L’amitié, la médiation, la justesse d’analyse et les relations sociales, tels étaient ses idéaux; ses principaux centres d’intérêt.

Richard était aussi et surtout un grand patriote et un homme très responsable et respecté. J’en veux pour preuve toutes les nobles et délicates causes qu’il a défendues bec et ongles au cours de la crise que son pays a traversée ces dernières années, n’hésitant pas à contredire certaines idées reçues quand bien même celles-ci étaient portées par certains de ses plus grands amis.

Très généreux, Richard était toujours prêt à aider ses semblables. Entre autres faits on ne peut plus éloquents, ce grand homme se donnait sans compter malgré une santé devenue de plus en plus fragile au cours de ces dernières années et surtout au cours de ses derniers jours. Combien de fois, alors frêle ne l’a-t-on pas vu braver de longs voyages même nuitamment, quand il était appelé par le devoir?

Combien de fois n’a-t-il pas mis sa main à la poche quand il s’agissait d’aider les amis et même de simples connaissances dans le besoin? Sans parler de nombreuses occasions où Richard s’est porté volontaire pour donner un coup de main à la communauté afin de faire avancer telle ou telle cause; à organiser tel ou tel événement pour faire rayonner sa culture!

A l’annonce de sa disparition, un sage de l’Alliance des Burundais dira ceci: « La famille vient de perdre un de ses plus grands piliers, la communauté aussi et même le pays qui l’a vu naître. C’était un Mushingantahe dans le sens large et profond du terme ».

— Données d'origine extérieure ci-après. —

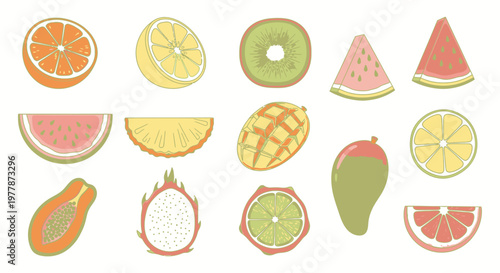 Variety of Fresh Fruit Slices Displayed.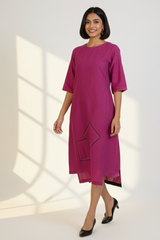 Magenta Melody Side Bias Shift Dress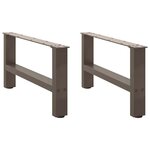vidaXL Pieds de table basse en acier naturel 2 pièces 60 x (30-31) cm Acier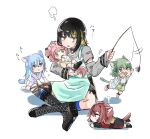  5girls aged_down aketa_mikoto animal_ears apron baby baby_carry bags_under_eyes black_hair blonde_hair blue_hair boots bottle brown_hair carrying cat_ears cat_tail cat_teaser child cometik_(idolmaster) detached_sleeves dog_ears dog_tail green_hair grey_shirt guamolip_inaho highres holding holding_bottle holding_cat_teaser idolmaster idolmaster_shiny_colors ikaruga_luca ikuta_haruki indian_style jumping kemonomimi_mode knee_boots kneeling looking_at_viewer lying multicolored_hair multiple_girls nanakusa_nichika on_stomach pink_hair shirt sitting squeans streaked_hair suzuki_hana tail two-tone_hair white_apron 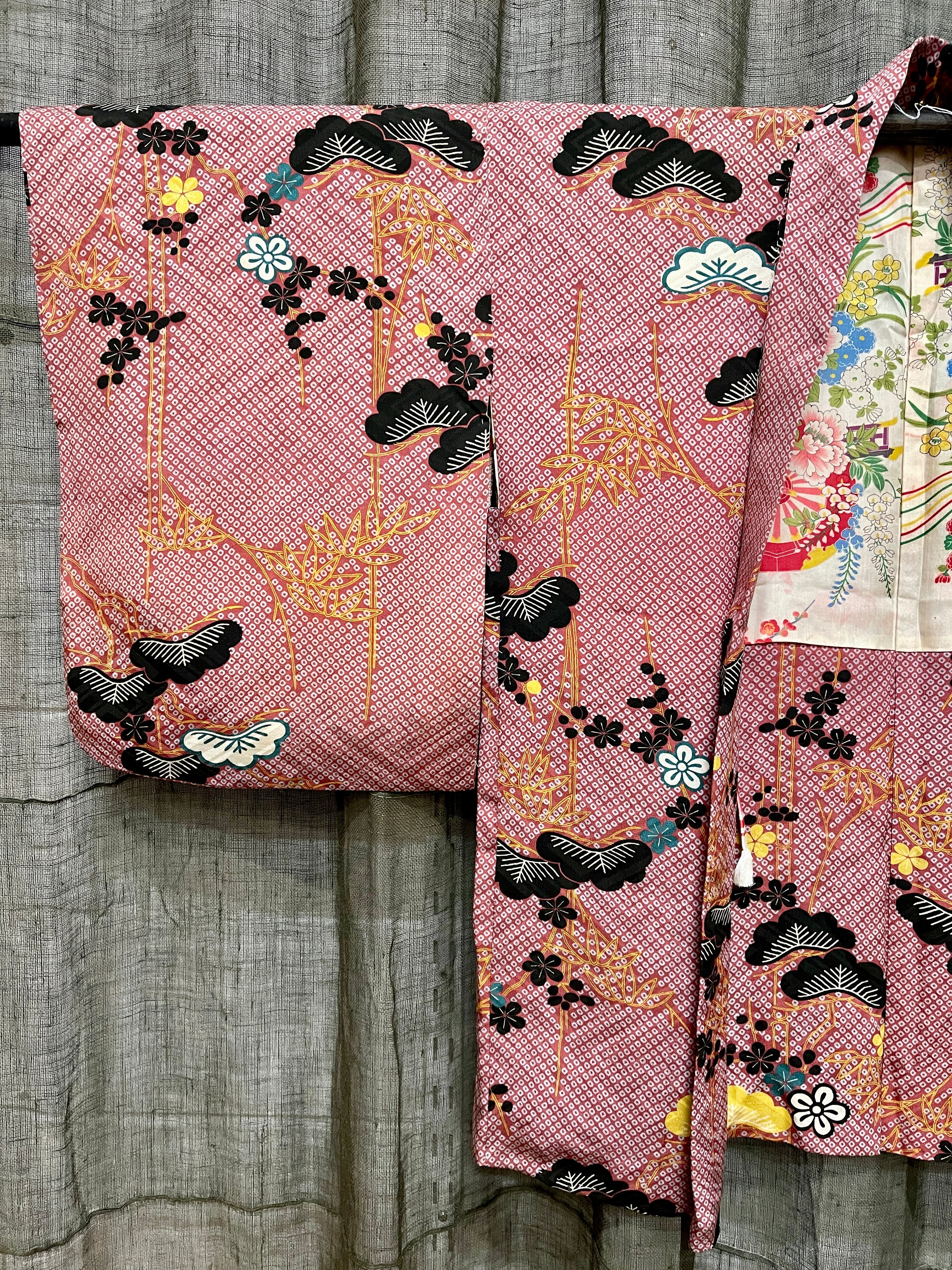 Japanese Haori-Kimono Jacket - Peach Orange Silk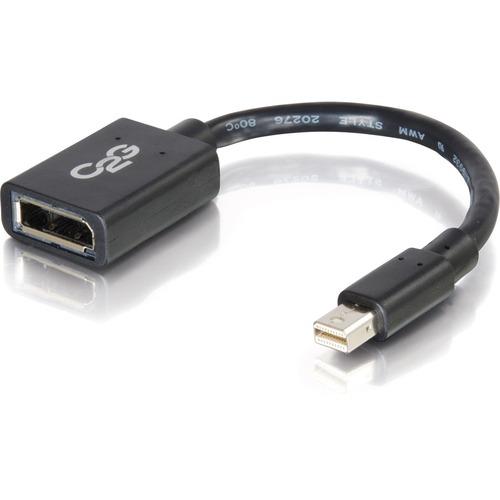 C2G 6in Mini DisplayPort to DisplayPort Adapter 4K 30Hz - Black - 6" DisplayPort A/V Cable for Audio/Video Device, Monitor, Notebook - First End: 1 x DisplayPort Female Digital Audio/Video - Second End: 1 x Mini DisplayPort Male Digital Audio/Video - Sup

Autre leçon de courage, de détermination et de résilience, Richard se battra vaillamment et en toute discrétion contre la maladie qui vient de l’emporter. Ce brave Mushingantahe n’ayant jamais montré à personne qu’il souffrait. Au contraire, ce sera lui qui tentera assez souvent d’apporter du réconfort aux autres personnes dont la souffrance suscitait chez-lui son éternelle empathie.

Autre fait de taille qu’on ne saurait passer sous silence, même si cela pourrait paraître tout à fait normal: Richard était allé au Burundi pour porter en terre son oncle très proche et son père au cours de cette même année. Cependant, personne ne savait que le destin le conduisait sur ce chemin qu’il n’avait pas pris depuis de longues années, pour dire adieu aux parents, amis et connaissances se trouvant en terre natale et qu’il ne reverra plus jamais.

Cher Richard, que la terre te soit légère et que le Seigneur t’accorde le repos tant mérité.

Les gens qui t’ont côtoyé te garderont en mémoire, ad vitam.